Write down exactly the lines from the one with "Cold AC-fast Wi-Fi-great" to the end of the data, first and last included, and no others.

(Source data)
------------------------------------------------

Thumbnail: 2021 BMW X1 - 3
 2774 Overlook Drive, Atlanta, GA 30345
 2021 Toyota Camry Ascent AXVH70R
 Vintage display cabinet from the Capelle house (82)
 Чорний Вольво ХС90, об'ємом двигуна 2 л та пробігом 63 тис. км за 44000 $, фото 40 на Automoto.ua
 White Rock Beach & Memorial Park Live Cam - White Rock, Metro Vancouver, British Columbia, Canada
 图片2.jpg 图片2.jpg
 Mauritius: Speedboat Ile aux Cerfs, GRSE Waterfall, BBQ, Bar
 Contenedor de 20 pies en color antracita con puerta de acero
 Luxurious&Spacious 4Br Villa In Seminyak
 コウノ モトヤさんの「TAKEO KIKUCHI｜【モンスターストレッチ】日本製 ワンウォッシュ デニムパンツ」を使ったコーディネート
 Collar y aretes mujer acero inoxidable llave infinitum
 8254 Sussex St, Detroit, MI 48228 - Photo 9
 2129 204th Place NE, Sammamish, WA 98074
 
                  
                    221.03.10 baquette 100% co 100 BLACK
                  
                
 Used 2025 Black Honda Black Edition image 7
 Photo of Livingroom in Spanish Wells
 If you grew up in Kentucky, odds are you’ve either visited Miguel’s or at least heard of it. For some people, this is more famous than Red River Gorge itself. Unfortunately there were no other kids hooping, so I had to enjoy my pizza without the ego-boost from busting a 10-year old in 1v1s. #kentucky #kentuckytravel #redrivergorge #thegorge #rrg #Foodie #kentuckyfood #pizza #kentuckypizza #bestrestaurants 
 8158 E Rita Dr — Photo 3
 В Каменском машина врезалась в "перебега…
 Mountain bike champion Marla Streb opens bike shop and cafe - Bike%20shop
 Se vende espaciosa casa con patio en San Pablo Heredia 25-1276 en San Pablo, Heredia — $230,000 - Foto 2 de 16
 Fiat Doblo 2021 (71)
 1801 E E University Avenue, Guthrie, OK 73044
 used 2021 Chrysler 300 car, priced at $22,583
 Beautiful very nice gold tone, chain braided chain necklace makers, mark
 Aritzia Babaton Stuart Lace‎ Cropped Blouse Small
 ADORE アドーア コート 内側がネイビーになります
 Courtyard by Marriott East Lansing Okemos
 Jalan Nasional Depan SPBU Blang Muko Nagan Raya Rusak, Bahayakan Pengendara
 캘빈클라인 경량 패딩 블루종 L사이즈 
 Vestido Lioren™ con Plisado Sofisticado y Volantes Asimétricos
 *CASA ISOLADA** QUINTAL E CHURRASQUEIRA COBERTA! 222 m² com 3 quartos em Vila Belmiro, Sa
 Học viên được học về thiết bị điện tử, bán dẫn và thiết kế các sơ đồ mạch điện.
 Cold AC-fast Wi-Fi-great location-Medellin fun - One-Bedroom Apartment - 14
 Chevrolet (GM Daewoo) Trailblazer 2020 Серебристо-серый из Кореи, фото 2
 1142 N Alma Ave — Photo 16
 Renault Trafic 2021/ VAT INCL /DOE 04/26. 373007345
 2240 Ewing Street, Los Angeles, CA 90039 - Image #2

------------------------------------------------

SOLVED EXERCISE >>
 Cold AC-fast Wi-Fi-great location-Medellin fun - One-Bedroom Apartment - 14
 Chevrolet (GM Daewoo) Trailblazer 2020 Серебристо-серый из Кореи, фото 2
 1142 N Alma Ave — Photo 16
 Renault Trafic 2021/ VAT INCL /DOE 04/26. 373007345
 2240 Ewing Street, Los Angeles, CA 90039 - Image #2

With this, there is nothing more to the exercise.